Myles Harrington

Comparisons Between My Hometowns

In Cambodia on October 22, 2010 at 9:03 am

Today is my tenth day of living in Kampot and I really feel like I know the place now. We’re taking shortcuts through the dusty streets and are regulars at a couple of the restaurants and bars, I even get a nod of recognition from the cashiers at the supermarket. Although the town’s population is supposedly 33,000, there is much more of a village feel to it. One of the most fantastic aspects of Kampot, which definitely makes me feel at home, is the amazing array of roundabout designs. My other hometown of Basingstoke is well-known for its roundabouts, the Chineham Wave and Stonehenge examples spring to mind as wonders of modern architecture but Kampot takes the doughnut on this one, with the year 2000 monument and the new, yet to be finished, jack fruit centrepiece on the main traffic circle.


Roundabout wars, left the year 2000 monument Kampot, right the Chineham Wave, Crockford Lane roundabout, Basingstoke


The work at the school is going well, it’s strange to be in a routine for the first time in over six months but this one is a lot less taxing of my time than my previous job. A normal working day goes something like this; wake up at 11am, go to the market and buy some bread or instant noodles or stroll down to a local restaurant for a light lunch. We then head back to our guesthouse for some relaxation time, usually filled with an hour of BBC World News or a nap. At ten to three we have a 3km cycle to the school in Chumkriel village. I play football, create some Lego statues and draw some pictures with the children between 3 and 5pm and then take two English classes between 5 and 7pm. My first English class is full of little kids that I’m teaching the alphabet to, the second class is half monks and half teenagers all at the level of about five or six-year-old English children but with half the confidence. It’s extremely enjoyable teaching the kids as they pick it up really quickly and come in every day humming ABCDEFG HIJKLMNOP, they get a bit stuck after the speed of LMNOP but we’ll get there.

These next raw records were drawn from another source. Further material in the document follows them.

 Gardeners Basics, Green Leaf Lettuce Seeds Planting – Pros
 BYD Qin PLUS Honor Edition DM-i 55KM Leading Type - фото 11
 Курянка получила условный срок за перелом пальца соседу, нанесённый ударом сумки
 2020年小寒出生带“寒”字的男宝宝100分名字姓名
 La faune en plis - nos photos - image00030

The Chumkriel Learning Center, Kampot


Last weekend we rented out a motorbike and tried to go to the local Bokor National park, think The New Forest only greener and hillier with more diverse fauna and flora, there are even some wild tigers as well as the standard New Forest horse. We were turned away at the gate because only tours are currently allowed access to the rocky winding road while it’s being renovated. At a bit of a loss, unsure what to do with a motorbike and a few hours to kill, we started driving in the general direction of a waterfall that was mentioned in Lonely Planet. They do warn you in the book it’s not impressive and that’s a vast understatement. Over the last couple of months I have been fortunate enough to have seen some of the most stunning waterfalls in South East Asia, the Kouang Si waterfall near Luang Prabang in Laos with its 50m plunge and the Elephant falls in Dalat with its treacherous pathway and fast flowing, overflowing streams, being two of the most impressive. Kampot’s Tek Chhouu ‘falls’ are even less impressive than my favourite childhood bathing spot, Piggy Dam. Kampot 1-1 Basingstoke.

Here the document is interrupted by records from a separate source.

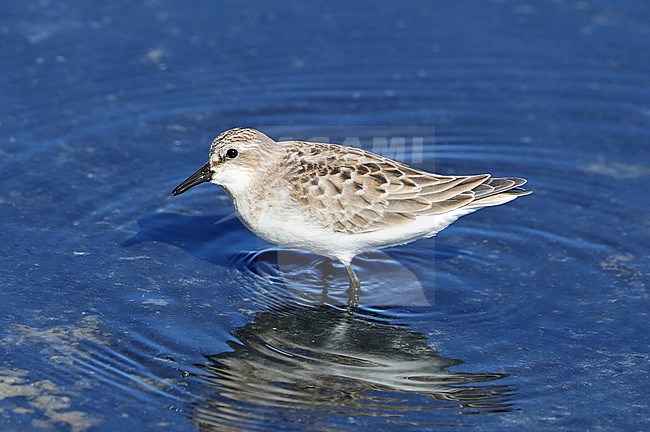 First-year Red-necked Stint (Calidris ruficollis) at Hyères, France. A very rare vagrant to Europe. stock-image by Agami/Aurélien Audevard,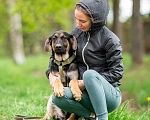 Собаки в Москве: Щенок в дар Мальчик, Бесплатно - фото 9
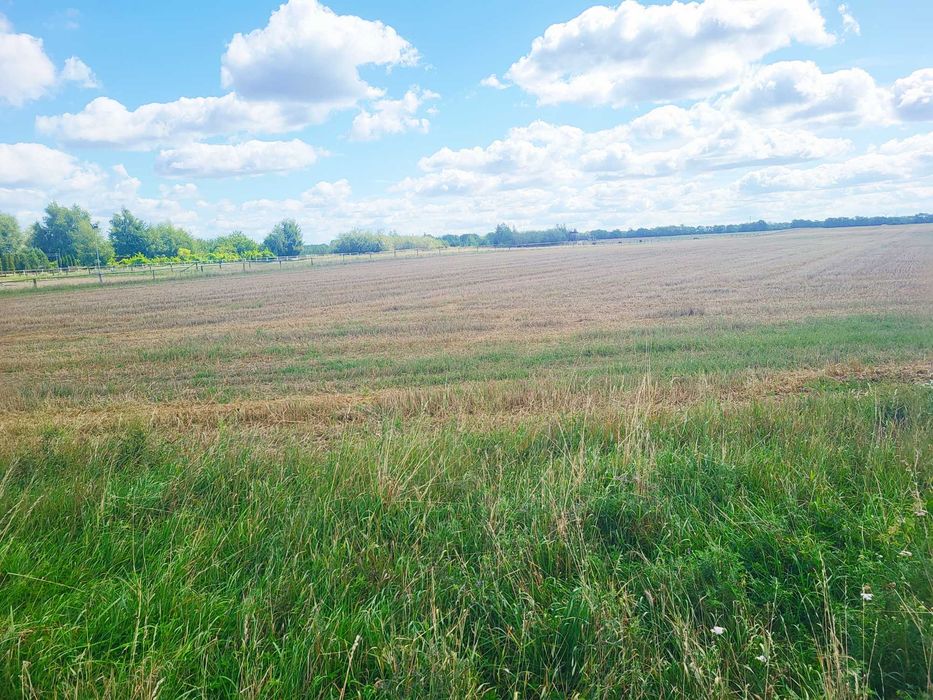 Działka budowlana - Widok 4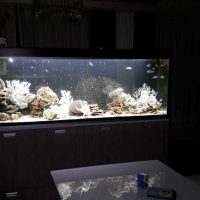 option bright decoration aquarium photo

I personally prefer Basingstoke's Piggy Dam for a quick dip, as seen on the right


After the disappointment of the river rapids we headed further in a random direction and came across a zoo. Like the waterfalls, I’ve also seen a lot of zoos over my time in Asia, from Delhi to Bukit Tinggi to Taman Safari Park near Jakarta. None of them match up to Kampot’s zoo though. The $4 entry gets you in to a bizarre, spooky caged off world that feels like you’ve stepped into a game of Jumanji. You can stroke the leopard in its chicken wire cage (if you dare) and you have to follow the bars of the camel cage to check the thing is still locked up, you can shake hands with the gorillas and watch the tawny owls fight in their prison cell like lock up. All of this without any staff for protection, or any other guests to think of it. On the top of the hill with the birds of prey is an abandoned funfair full of rusty rides, complete with ghost town creaks. It’s a site that leaves you feeling slightly haunted and uneasy, the fact that you feel as though at any moment an escapee zebra might come galloping round the corner.


Poke it if you dare, you can, if you want



An unorthodox way of feeding the monkeys


Late in the afternoon we squeezed in yet another of Kampot’s sites, an ancient hindu cave temple dedicated to Shiva  that’s over 1300 years old and well-preserved by the cave surroundings. A bit more impressive than Old Basing’s St Mary’s, we were shown around by a gang of local children with perfect English. We could speak to them like we were chatting to mates in the pub back home and they understood every word. They could be doing a far better English teaching job than me.


Go caving to pray


At the end of the short tour I asked what some bamboo slats in a stream were for. The child graciously showed me, hopping from one to the next, they were used as platforms to run across the stream like crocodile backs in cartoons; of course I had to give it a go, a bit less successfully. The boy also turned out to be a good photographer.


Not as graceful as the guide


I think Eastrop Park could reinvent itself with a few of these bamboo rafts, they’re much more fun than a piss filled paddling pool.